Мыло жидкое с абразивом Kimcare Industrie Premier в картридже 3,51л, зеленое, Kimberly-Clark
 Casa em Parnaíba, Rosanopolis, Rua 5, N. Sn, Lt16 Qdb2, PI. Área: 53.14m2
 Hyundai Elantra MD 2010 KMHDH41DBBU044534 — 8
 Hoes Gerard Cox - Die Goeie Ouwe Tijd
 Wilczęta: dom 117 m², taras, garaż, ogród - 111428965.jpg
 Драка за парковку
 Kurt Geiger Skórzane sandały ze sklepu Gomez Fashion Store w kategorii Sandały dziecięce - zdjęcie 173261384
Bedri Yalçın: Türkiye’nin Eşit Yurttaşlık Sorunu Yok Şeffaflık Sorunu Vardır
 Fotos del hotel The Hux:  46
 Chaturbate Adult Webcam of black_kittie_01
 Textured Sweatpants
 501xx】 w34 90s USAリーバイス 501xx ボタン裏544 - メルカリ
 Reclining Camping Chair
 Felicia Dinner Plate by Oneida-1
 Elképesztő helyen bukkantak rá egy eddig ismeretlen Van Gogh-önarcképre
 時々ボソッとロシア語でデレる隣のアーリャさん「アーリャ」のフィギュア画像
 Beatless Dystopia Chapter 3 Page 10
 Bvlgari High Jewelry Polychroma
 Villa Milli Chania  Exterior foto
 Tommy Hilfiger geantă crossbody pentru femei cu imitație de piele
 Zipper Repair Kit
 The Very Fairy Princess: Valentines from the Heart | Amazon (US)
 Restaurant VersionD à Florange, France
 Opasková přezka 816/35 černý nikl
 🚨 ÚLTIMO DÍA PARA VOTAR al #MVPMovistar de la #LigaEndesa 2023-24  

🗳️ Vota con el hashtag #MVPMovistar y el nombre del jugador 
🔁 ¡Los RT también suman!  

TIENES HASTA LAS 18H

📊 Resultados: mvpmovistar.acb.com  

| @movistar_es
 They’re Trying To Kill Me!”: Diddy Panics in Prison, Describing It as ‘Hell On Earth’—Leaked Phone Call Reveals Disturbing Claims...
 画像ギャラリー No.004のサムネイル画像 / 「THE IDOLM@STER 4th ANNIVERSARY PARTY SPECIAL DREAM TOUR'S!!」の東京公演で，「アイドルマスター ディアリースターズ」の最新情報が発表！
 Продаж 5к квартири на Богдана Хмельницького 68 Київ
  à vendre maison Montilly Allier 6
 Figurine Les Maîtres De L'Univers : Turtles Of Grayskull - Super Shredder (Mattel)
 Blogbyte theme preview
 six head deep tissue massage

● **Required action**: The response must repeat exactly the lines from the top of the material through the line containing "Kurt Geiger Skórzane", both included, with no other output.

● **Output**:
Мыло жидкое с абразивом Kimcare Industrie Premier в картридже 3,51л, зеленое, Kimberly-Clark
 Casa em Parnaíba, Rosanopolis, Rua 5, N. Sn, Lt16 Qdb2, PI. Área: 53.14m2
 Hyundai Elantra MD 2010 KMHDH41DBBU044534 — 8
 Hoes Gerard Cox - Die Goeie Ouwe Tijd
 Wilczęta: dom 117 m², taras, garaż, ogród - 111428965.jpg
 Драка за парковку
 Kurt Geiger Skórzane sandały ze sklepu Gomez Fashion Store w kategorii Sandały dziecięce - zdjęcie 173261384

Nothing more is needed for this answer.